Task to carry out: Only the tail of the listing is wanted: the line containing "Klarus 18650 2600mAh Li-ion aku - Image 2" and all after it, repeated exactly, pictures omitted.

Source material:

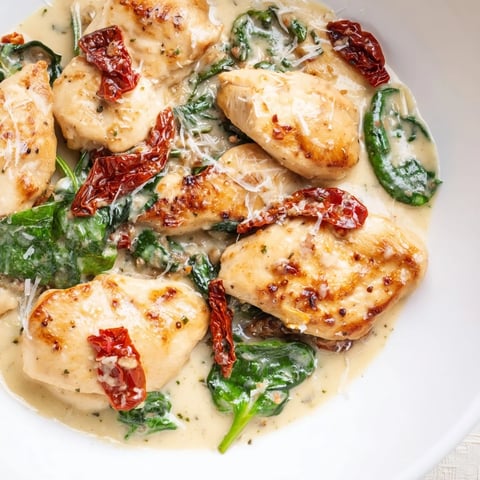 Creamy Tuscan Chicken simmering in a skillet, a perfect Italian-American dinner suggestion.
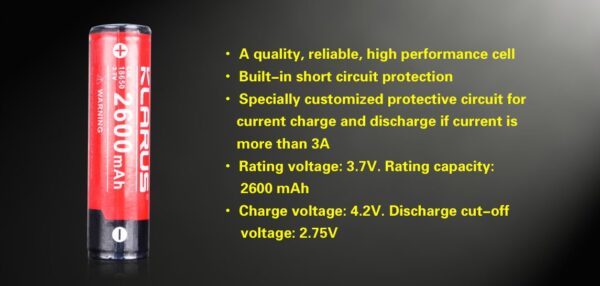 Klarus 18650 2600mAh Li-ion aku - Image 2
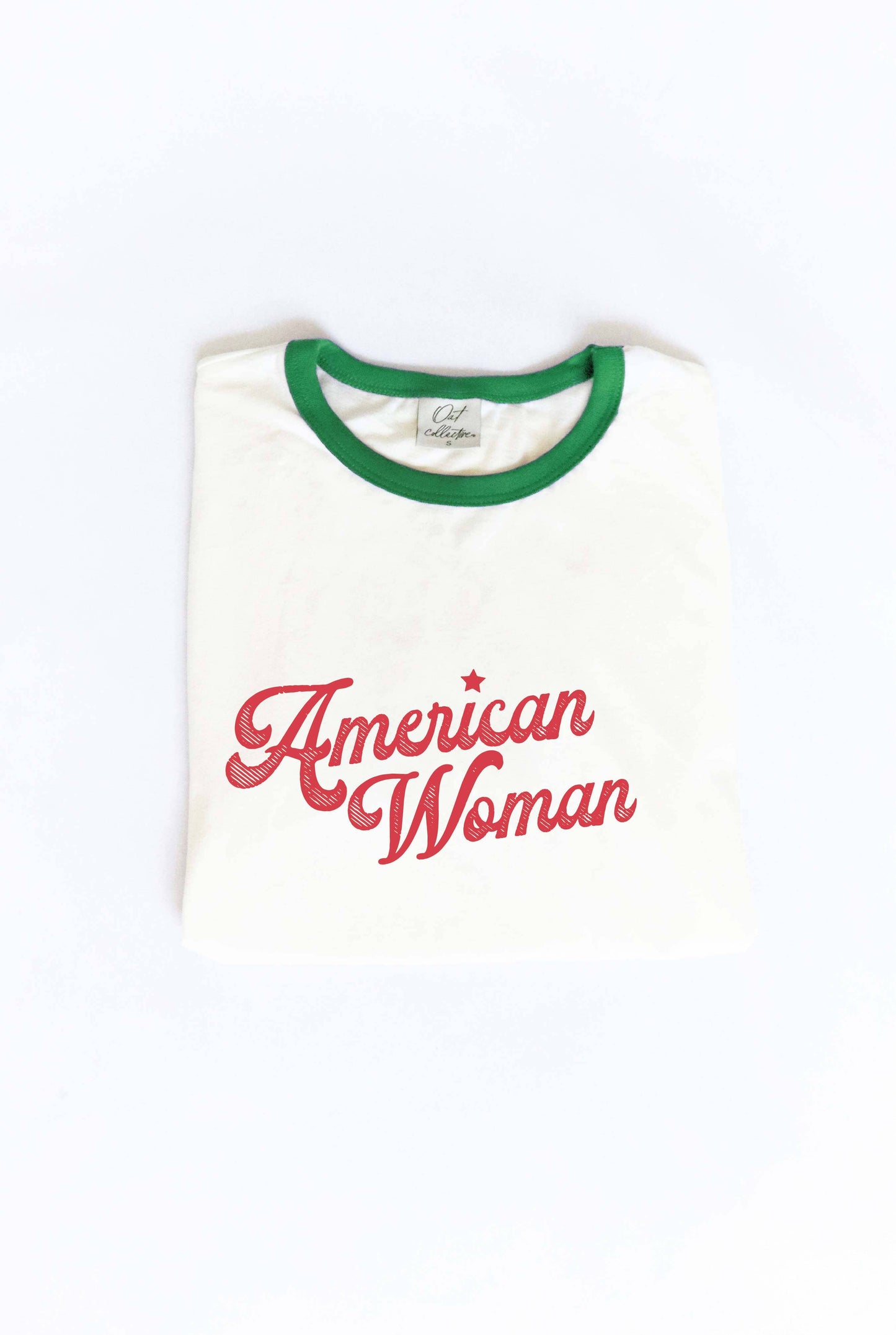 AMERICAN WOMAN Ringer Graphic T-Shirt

Exercise result:
 Klarus 18650 2600mAh Li-ion aku - Image 2
 AMERICAN WOMAN Ringer Graphic T-Shirt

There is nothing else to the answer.